Over the past week, Ayesh and others who support Palestinians took to the streets to decry the Israeli military’s actions and to stand in solidarity with Palestine. The protests in St. Louis were part of a wave of demonstrations across the nation.

Palestinians are urging people in the U.S. to stop buying Israeli goods and want people to shed their investments in Israeli companies to push Israel to stop occupying Palestinian territories. They also want Israel to allow Palestinians freedom to move between Palestinian territories and Israel.

Lena Salameh, a Palestinian who lives in St. Louis, protested at the first rally in downtown St. Louis. She said the protest inspired her because she had never seen so many people support Palestinians.

Salameh, 28, has family in Jalazone, a refugee camp in the West Bank. She is afraid for her aunt and cousins because their camp is next to a Jewish settlement where tensions are rising.

“I stay up at night watching what's happening," Salameh said.

"I'm worried about my family, but I want to make sure that people know about what's happening there. I want to make sure everybody can see the atrocities.”

Salameh lived in an occupied Palestinian territory during the war between Gaza and Israel in 2014. She said that conflict was devastating, but the current one is harder to watch as schools, mosques and churches are targets.

Some Jewish people in St. Louis who have family in Israel also are paying close attention to the conflict between Israeli military and Hamas. But some blame the conflict on Hamas.
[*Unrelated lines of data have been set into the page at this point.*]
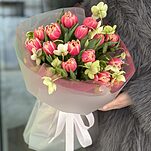 Букет Капризе из пионовидных тюльпанов и хелеборуса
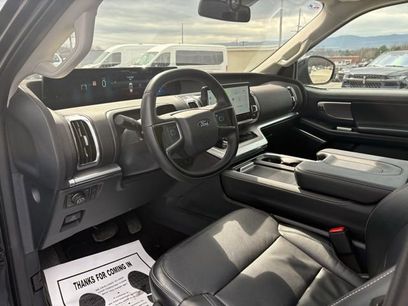 Used 2025 Ford Expedition Platinum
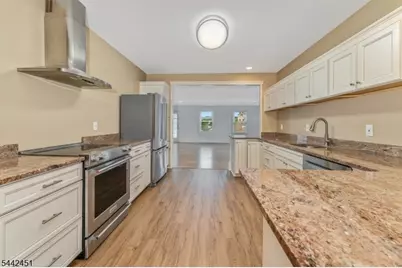 16 Main Street #3N, Flemington, NJ 08822 - Photo 8
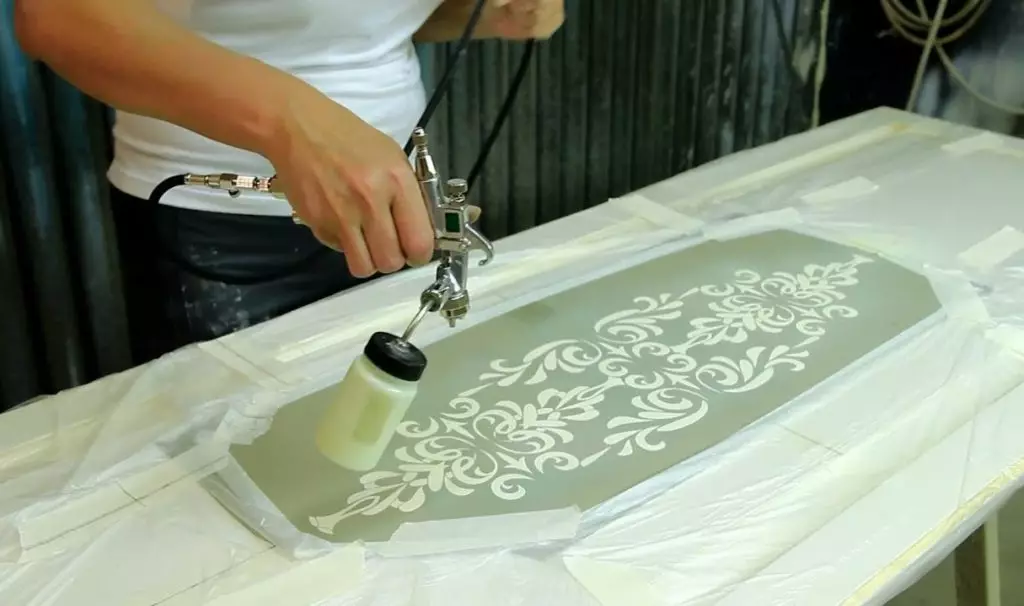 Painting Doors through Stencil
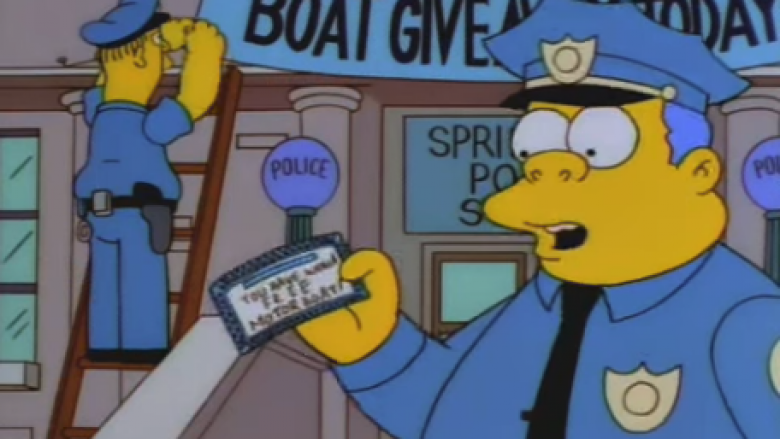 Policia përdori një truk nga “The Simpsons” për të kapur kriminelët – plani çoi në arrestimin e 21 personave (Video)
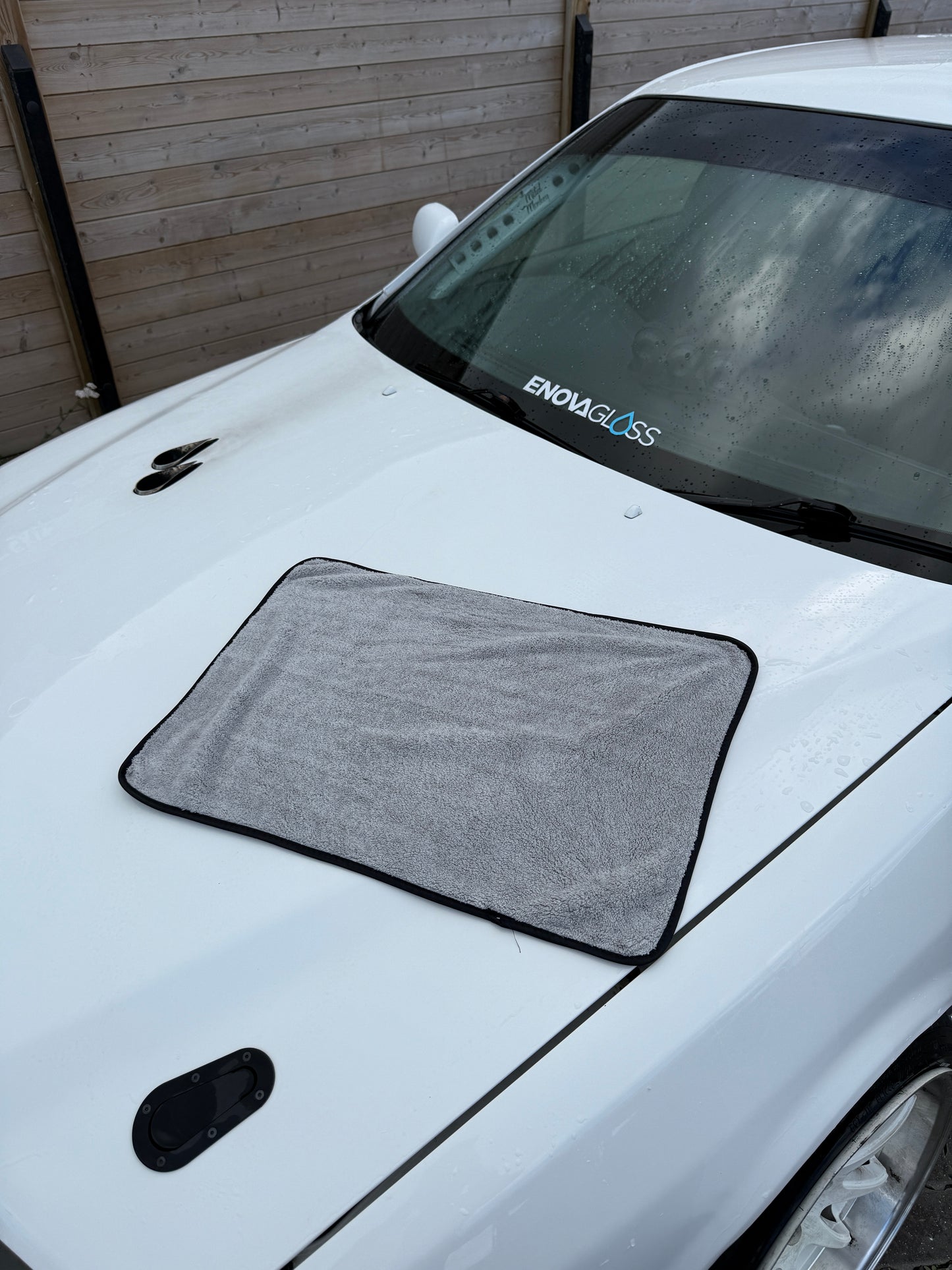 Medium Drying Towel 60x40cm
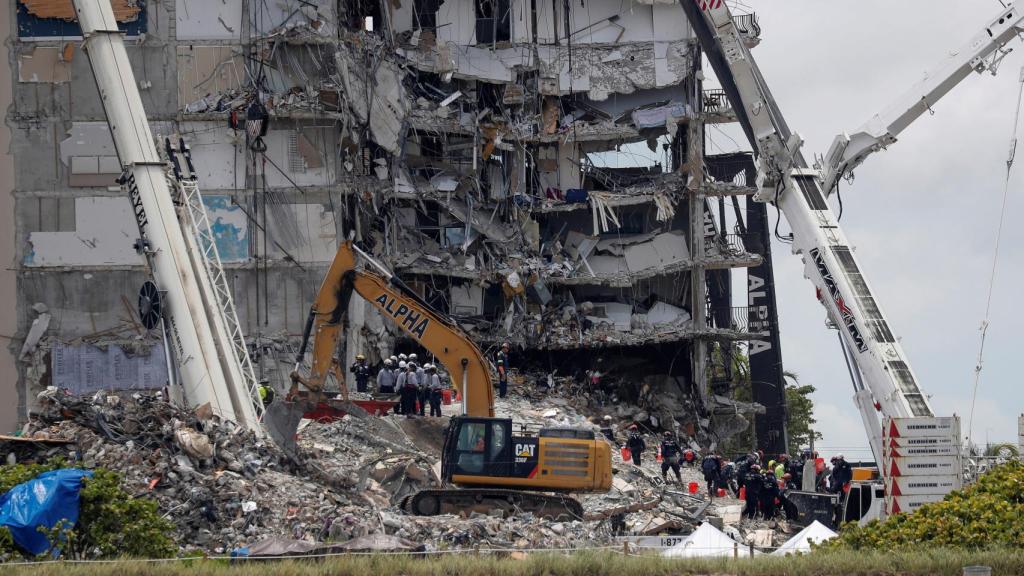 Suben a 11 los muertos por el derrumbe del edificio en Miami Suben a 11 los muertos por el derrumbe del edificio en Miami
Rabbi Moshe Shulman of the Young Israel of St. Louis synagogue is worried about his children who live in central Israel. He said they have had to retreat to their safe houses to stay clear of Hamas rockets.

Shulman said he believes Israel is acting in self-defense. He said the violence would come to an end if Hamas would stop firing rockets.

“It’s tense because you have hundreds or thousands of rockets being fired indiscriminately at civilian populations, civilian areas,” Shulman said.

Other Jews in St. Louis have been protesting with Palestinians to join them in decrying the violence against their territories and calling for an end to Jewish settlements on Palestinian land.

No one should be forced out of their homes or territories so another ethnic group to take over, said Michael Berg, a member of the Jewish Voices of Peace and the co-founder of the St. Louis Palestine Solidarity Committee. He said this is a human rights issue.

Berg fears for his friends who live in West Bank and Jerusalem because at any moment he could receive bad news.

“It's terrifying as far as the killing, far more Palestinians are suffering and being killed, but it's terrible for all the sides that nobody should have to go through any of this,” Berg said.

Sandra Tamari, a Palestinian attorney in St. Louis, uses social media to connect with family and friends in Palestinian territories and Israel. She scrolls through social media constantly to keep tabs on those who are protesting.

"I have friends in Gaza who tweet at us before they go to sleep and say 'these may be my last words,'” Tamari said. “So, it's a terrible time. It's just a terrible time. We don't know who's going to live and who's going to die this way."